Respiratory mucosa - ciliated pseudostratified columnar epithelium with goblet cells
How is acute sinusitis caused?
Any obstruction to drainage from a paranasal sinus can lead to an accumulation of mucosal secretions and development of infection causing acute sinusitis
What are the symptoms of acute sinusitis?

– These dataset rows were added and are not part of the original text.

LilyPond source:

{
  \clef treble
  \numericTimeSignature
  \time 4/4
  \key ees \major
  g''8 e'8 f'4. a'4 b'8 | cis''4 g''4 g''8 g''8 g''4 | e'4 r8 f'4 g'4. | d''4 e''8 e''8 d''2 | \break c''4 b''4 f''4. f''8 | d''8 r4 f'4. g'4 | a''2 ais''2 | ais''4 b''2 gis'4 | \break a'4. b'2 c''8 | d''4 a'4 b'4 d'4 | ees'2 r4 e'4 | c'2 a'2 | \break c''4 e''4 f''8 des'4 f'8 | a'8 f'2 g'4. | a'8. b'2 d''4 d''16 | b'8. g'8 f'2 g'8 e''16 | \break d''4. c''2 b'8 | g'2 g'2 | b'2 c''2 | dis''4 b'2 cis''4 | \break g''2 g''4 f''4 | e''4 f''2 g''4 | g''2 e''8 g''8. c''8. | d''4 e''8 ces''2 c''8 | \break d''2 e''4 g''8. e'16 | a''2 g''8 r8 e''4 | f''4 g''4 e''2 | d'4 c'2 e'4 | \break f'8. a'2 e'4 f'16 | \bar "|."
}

- Pain and tenderness over the sinus involved
- Nasal discharge
- General systemic upset - fever, feeling unwell
State the causes of sinusitis.
- Infections of the nose - upper respiratory tract infections
- Dental infections - some of the roots of the upper teeth lie in the floor of the maxillary sinus
- Viral infection of the nasal mucosae - e.g. a cold
What physiological changes does infection cause in the nasal cavity/paranasal sinuses?
- Mucosal oedema
- Impedance of ciliary function
- Increasing mucosal secretions
Why is the maxillary sinus (or antrum) most prone to infection?
Most likely due to the location of its opening high on the medial wall of the nasal cavity
State some complications of sinusitis.
- Infections in the air cells of the ethmoidal sinuses may break through the thin medial wall of the orbit
- This can result in the infection spreading first into the periorbital tissues and subsequently the orbit, causing an orbital cellitus
- The spread of such infections into the orbit can be potentially sight-threatening as they may involve the optic nerve or even track back further to involve intracranial structures
What first-aid measures can be used to resolve a nosebleed?

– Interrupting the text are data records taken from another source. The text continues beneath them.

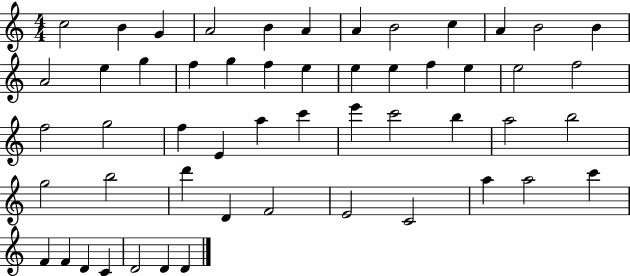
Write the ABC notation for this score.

X:1
T:Untitled
M:4/4
L:1/4
K:C
c2 B G A2 B A A B2 c A B2 B A2 e g f g f e e e f e e2 f2 f2 g2 f E a c' e' c'2 b a2 b2 g2 b2 d' D F2 E2 C2 a a2 c' F F D C D2 D D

- Pinching in front of not on the bony bridge of the nose
- Applying cold compress
- Initially applying simple compression and leaning forward which should stop most nosebleeds
- If the above fails, attempts should be made to cauterise a visible bleeding point using silver nitrate
- If cauterisation is unsuccessful, anterior packing using nasal tampons can be used - these packs expand within the nasal cavity and tamponade the area of bleeding
- Next step - posterior packing
- Last resort: surgical intervention - embolisation, ligation of blood vessels
Outline the arterial supply to the nasal cavity.
- Mainly from branches of the maxillary artery - sphenopalatine artery and greater petrosal artery
- Ethmoidal branches from the opthalamic artery (which arises from internal carotid artery)
- Branch of the facial artery
Why are bleeds from the sphenopalatine artery problematic?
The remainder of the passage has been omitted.